= Larry Gbevlo-Lartey =

Ghanaian military officer

Larry Gbevlo-Lartey is a retired Ghanaian Military personnel with the Ghana Armed Forces, former National Security Coordinator of Ghana, a private legal practitioner, and currently the African Union Chairperson's Special Representative in Charge of Counter Terrorism Cooperation.

==Early life==
Lieutenant Colonel Larry Gbevlo-Lartey (rtd) was born in Ghana on 3 June 1953. He attended Bishop Herman College from 1967 to 1974. He enlisted in the Ghana Military Academy as a regular infantry officer cadet in November 1976 and graduated as 2nd Lieutenant in April 1978. Larry Gbevlo-Lartey obtained a Bachelor of Science degree in Administration from the University of Ghana, Legon 1984 - 1987. Larry Gbevlo Lartey (rtd) is a solicitor and barrister at law, Ghana School of Law from 1995 to 1999.
He is also a holder of Master of Arts degree in International Affairs and Diplomacy from the Legon Centre for International Affairs and Diplomacy (LECIAD) in the University of Ghana.

During his military service, Larry Gbevlo-Lartey pursued the prescribed Infantry career professional courses in the Ghana Army as well as other professional courses in India, UK, USA and Cuba. In India, he did the Commando training course and in Cuba, the Special Forces training course. In the USA he did the Infantry Officers Advanced Course. His last command appointment in the Ghana Army was Commander of the 64 Infantry Regiment. At the time of retirement from the Ghana Army, he was a Directing Staff at the Ghana Armed Forces Senior Command and Staff College.

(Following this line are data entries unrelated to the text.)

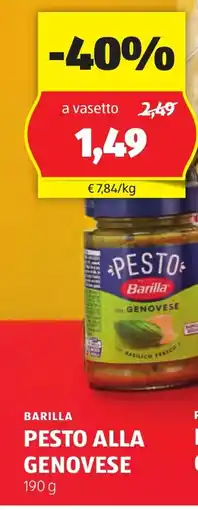 ALDI Barilla pesto alla genovese offerta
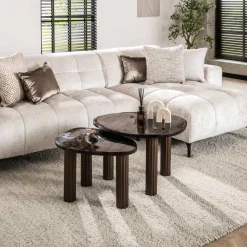 WoonStijl Salontafel M Eclipse koper antiek finish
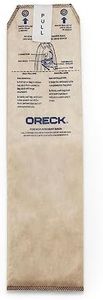 Oreck HEPA Media Cleaner Vacuum Bag, Tan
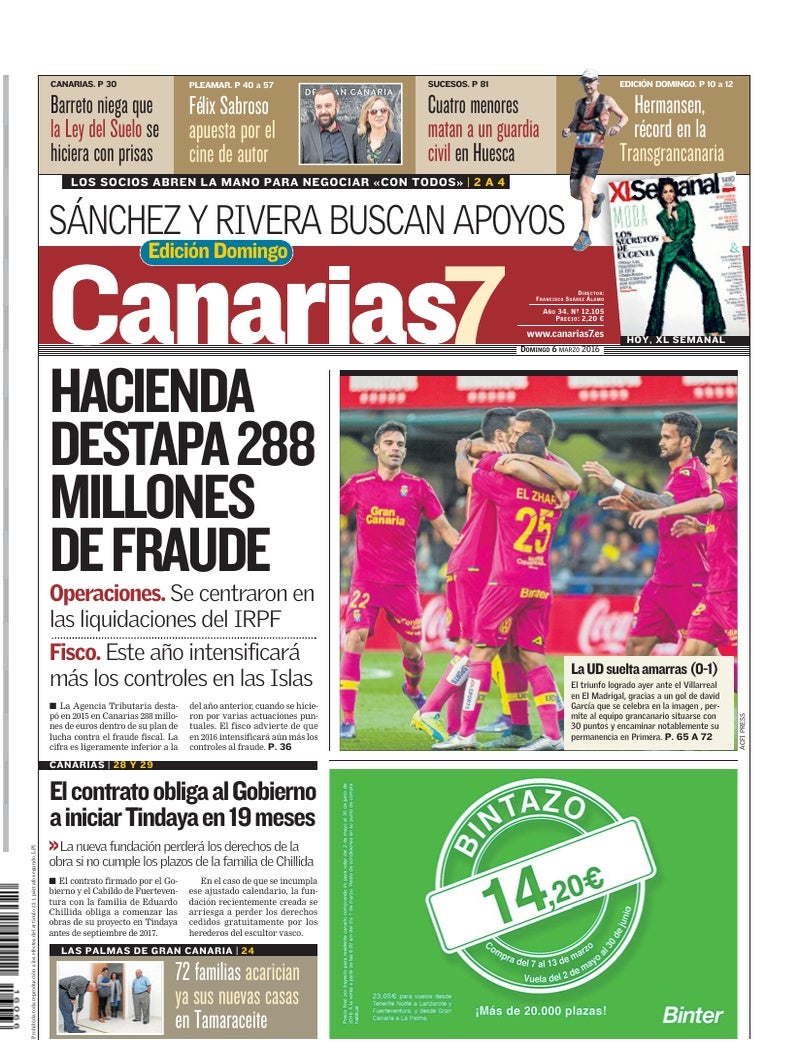 Portada Canarias7 06-03-2016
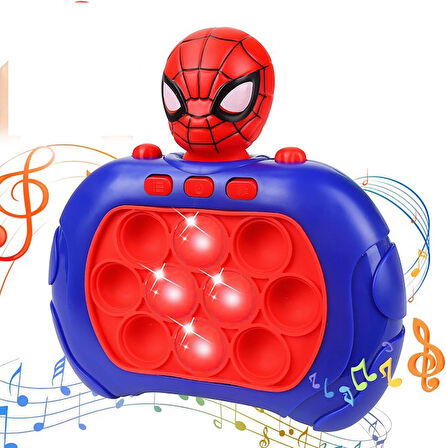 POPİT IŞIKLI SESLİ OYUNCAK POPİT ÖRÜMCEK ADAM  DUYUSAL OYUNCAK POPİT OYUNCAĞI SPIDER MAN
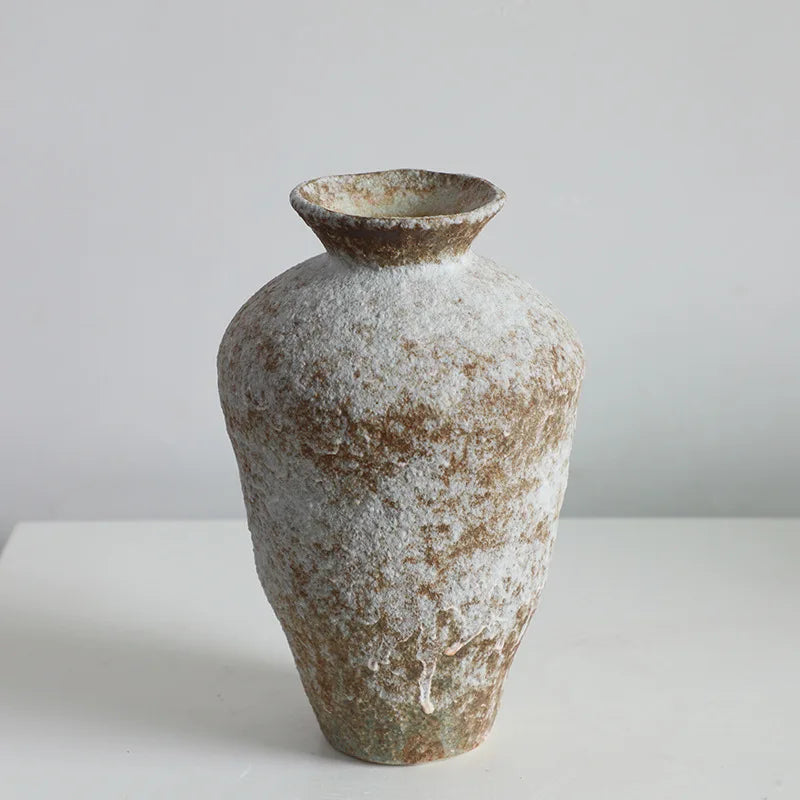 Coarse Pottery Zen Vase
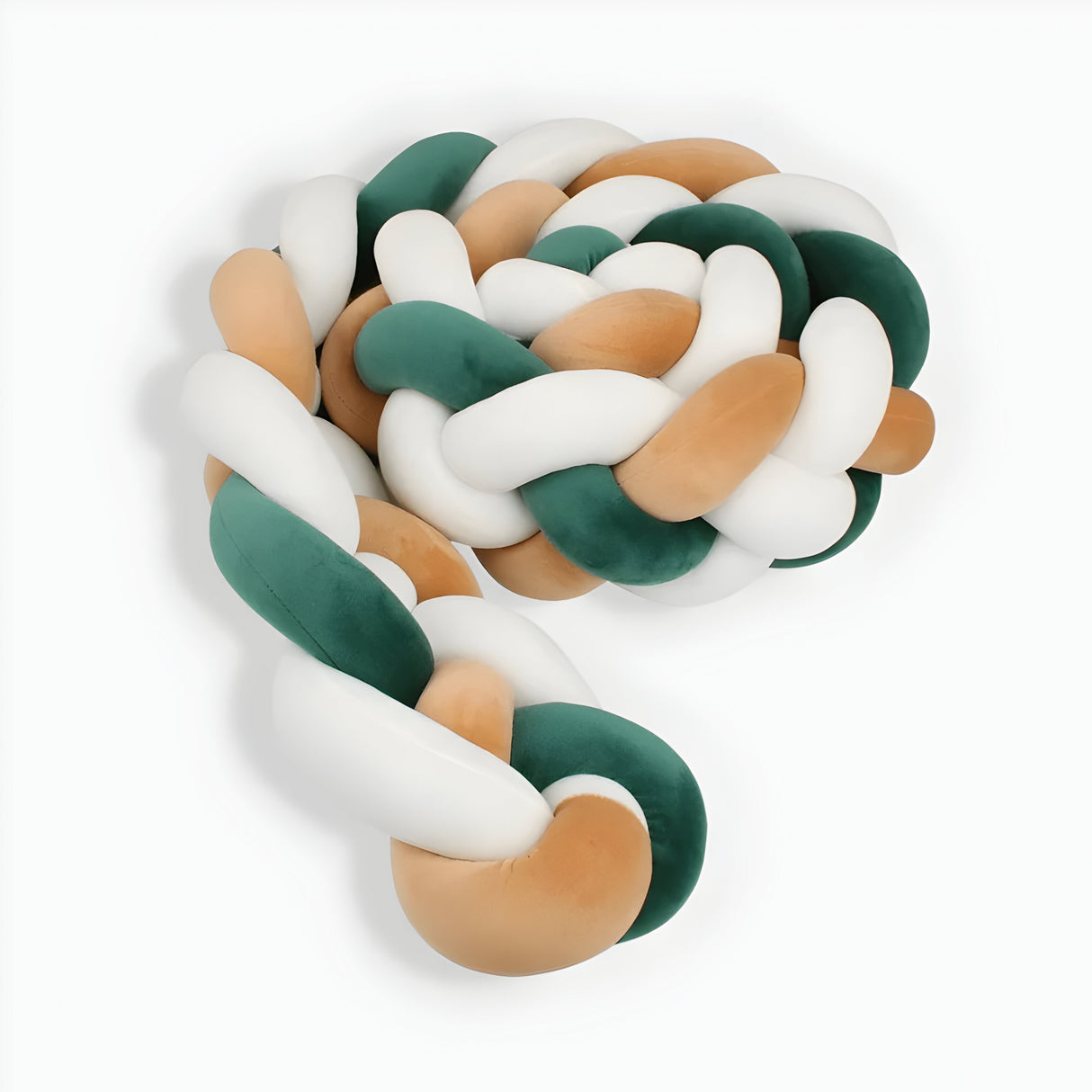 SnuggleBraids Plush - Handgjord Knuten Flätad Plush Carvallo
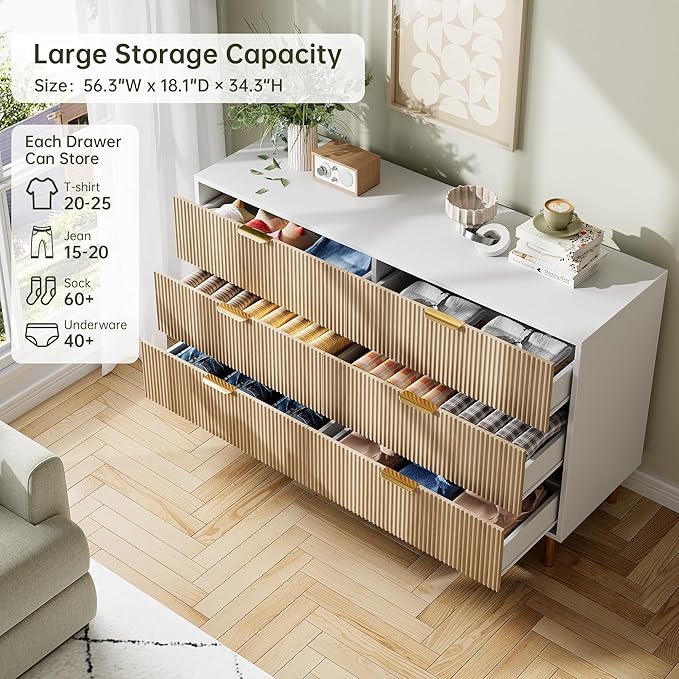 GarveeHome Dresser for Bedroom, Modern Chest of Drawers - Image 4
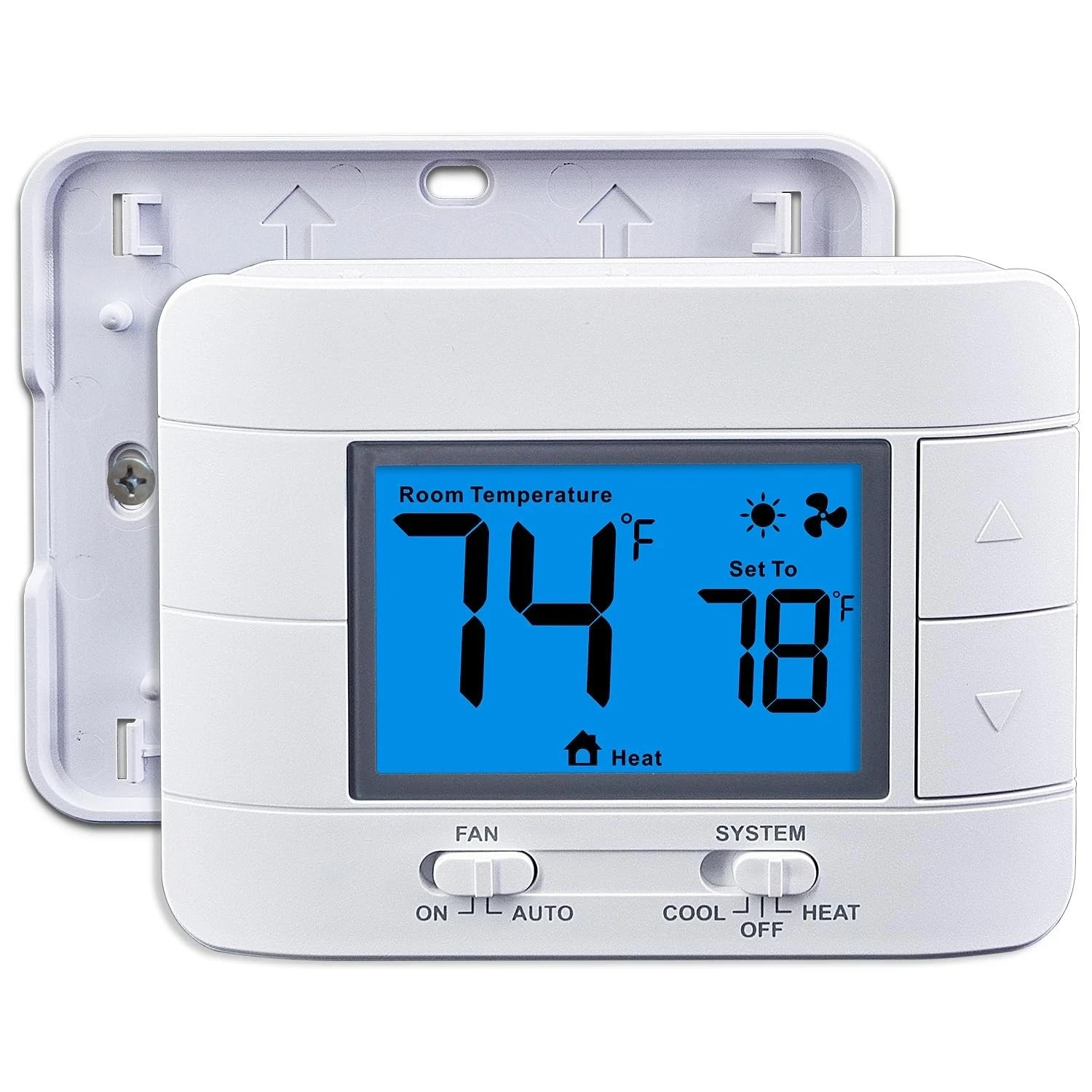 Non-Programmable Thermostats for House, Single-Stage 1 Heat/ 1 Cool, gallery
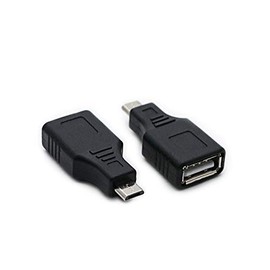 rgzhihuifz 2 Pack USB 2.0 Micro USB Male to Type A Female OTG Adapter Connector Converter Coupler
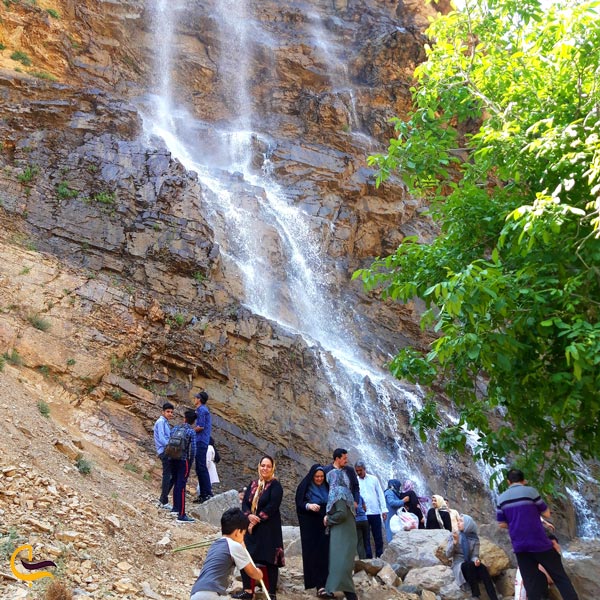 تصویری از آبشار روستای دررود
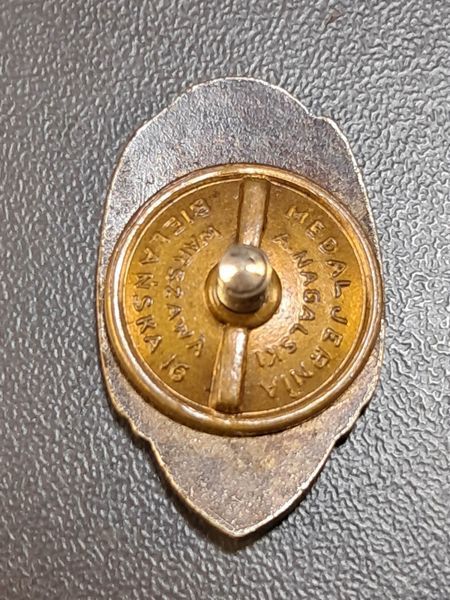 Miniatura Odznaki ZKP 1919-1929 Jednością Silni - Nakrętka A. Nagalski Warszawa - II RP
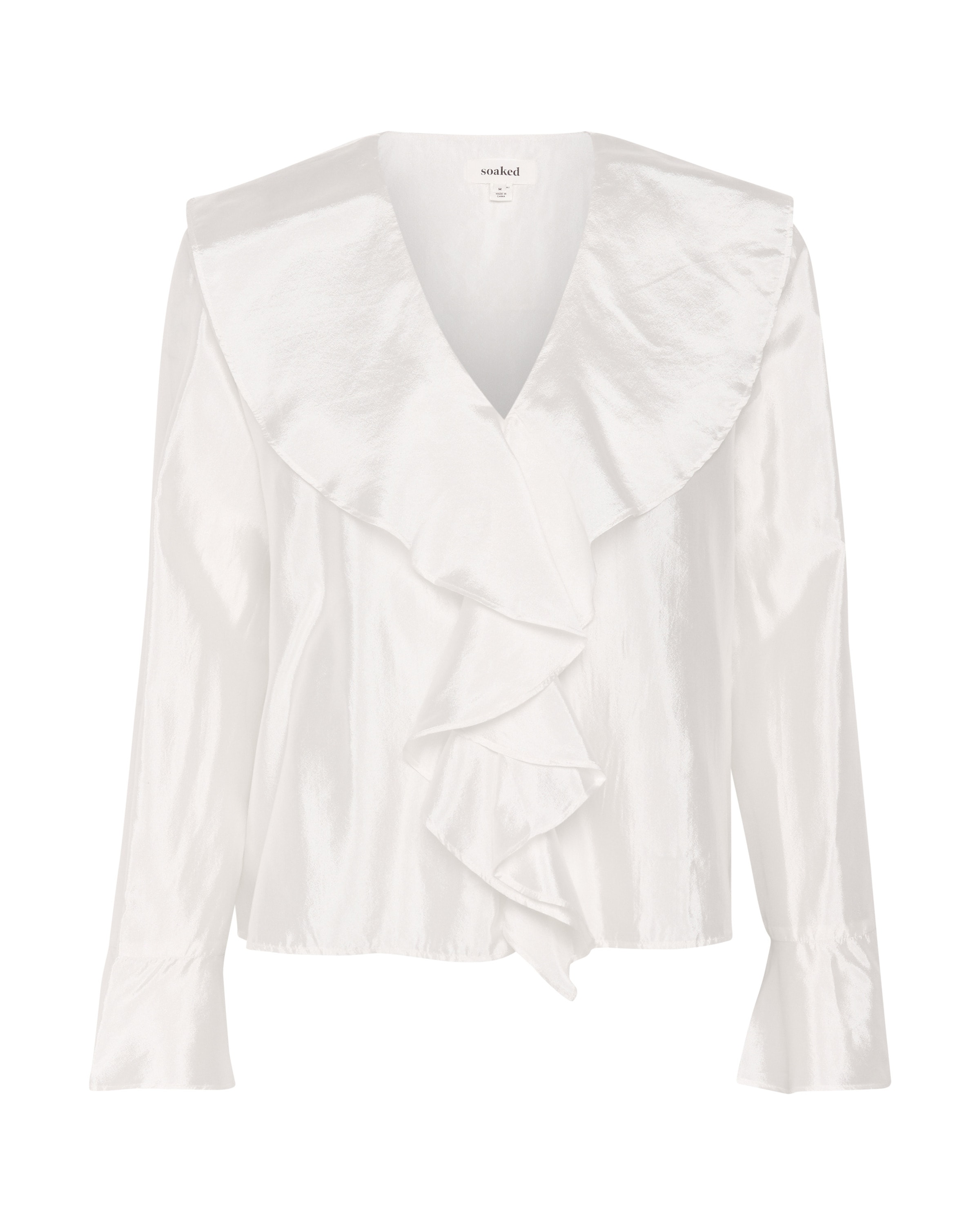 SOAKED IN LUXURY Bluse 'Karolina' i hvid: forside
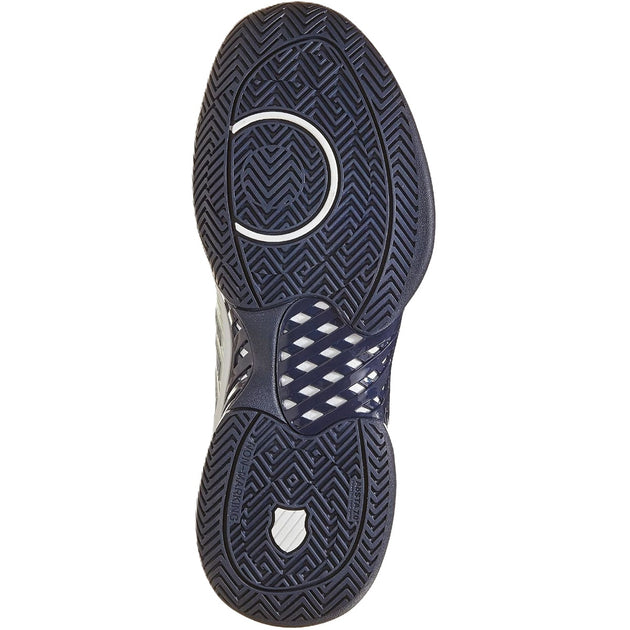 06613-090 K-Swiss Men's Hypercourt Express 2 Tennis Shoes (Vaporous Gray/White/Peacoat)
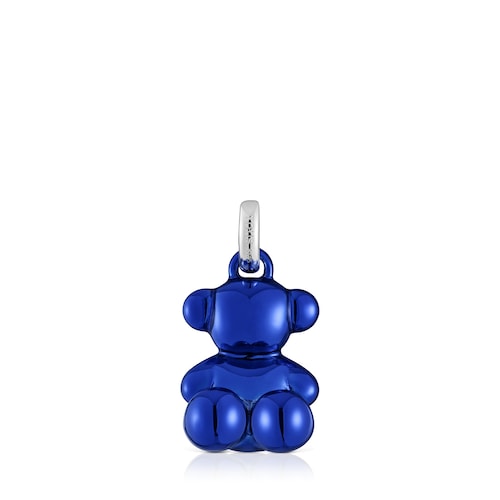 Medium Bold Bear blue steel bear Pendant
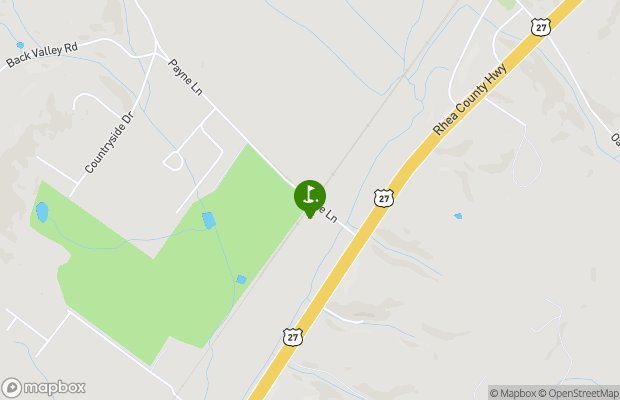 Dayton Golf and Country Club map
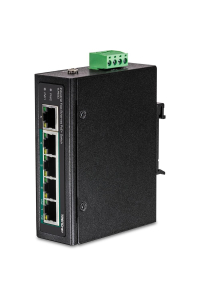Obrázok pre Trendnet TI-PE50 síťový přepínač Nespravované Fast Ethernet (10/100) Podpora napájení po Ethernetu (PoE) Černá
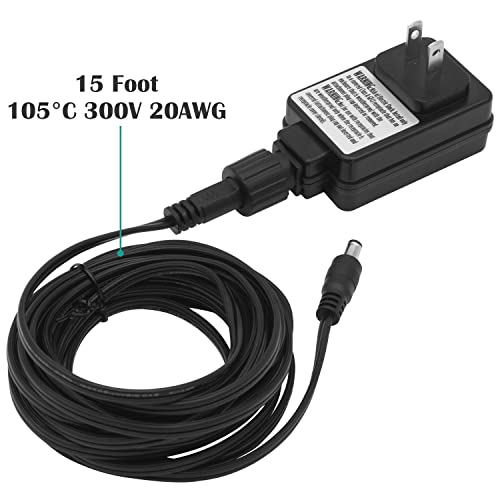 Power Adapter Replacement Part 9004190216 for Masterbuilt Gravity Series 560/800/1050 XL Digital Charcoal Grill and Smoker, Supply with 15 FT Long Cord - Grill Parts America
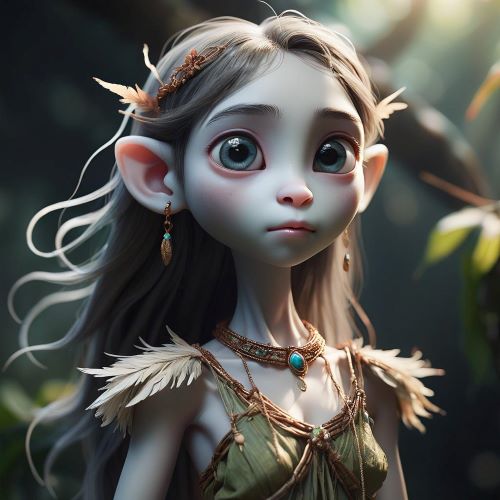 Image of the mischievous spirit Polong known in Southeast Asian folklore.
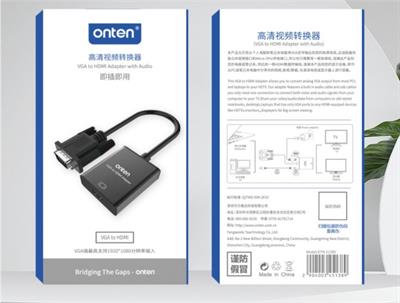 Onten VGA to HDMI Adapter with Audio. Model: OTN-5138S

Larry Gbevlo-Lartey during his time of Military service participated in a number of peacekeeping missions including the United Nations Interim force in Lebanon UNIFIL; the United Nations Peacekeeping Force in Croatia and in Bosnia and Herzegovina (UNPROFOR) and United Nations Organization Mission in the Democratic Republic of Congo MONUC. After retirement from the Ghana Army, he served as the Coordinator of the UN Observer Team to the Cameroon-Nigeria Mixed Commission which under the auspices of UNOWAS was tasked to observe the peaceful delimitation of the Cameroon-Nigeria border in line with the decision of the International Court of Justice. He was the director of programs at the Center for Conflict Resolution in Accra Ghana, from November 2007 until January 2009 when he was appointed National Security Coordinator for Ghana.

==Positions in government==
On 16 January 2009, the then President of the Republic of Ghana John Evans Atta Mills appointed him as the National Security Coordinator for the Republic of Ghana. A position he held until May 2014. On 21 January 2025, the President appointed Gbevlo-Lartey as the special envoy to the alliance of Sahelian states.

==Recent activities==
He assumed the position of chief executive officer for a Ghanaian telecommunication company, Kasapa Telecom Ltd (Expresso) in November 2014. In addition to being a Private Legal Practitioner, Larry Gbevlo-Lartey has for many years been a researcher with interests in Human Security. He established the Human Security Research Center in Accra Ghana. He is a visiting lecturer at the Kofi Annan International Peace Keeping Training Centre in Accra, Ghana.

On 18 March 2016, he was appointed by H.E Dr Nkosazana Dlamini Zuma, the then Chairperson of the African Union Commission as her Special Representative in charge of Counter Terrorism Cooperation and concurrently as the director of the African Center for the Study and Research on Terrorism (ACSRT) in Algeria. He is highly knowledgeable in Human Security, National Security and International Security.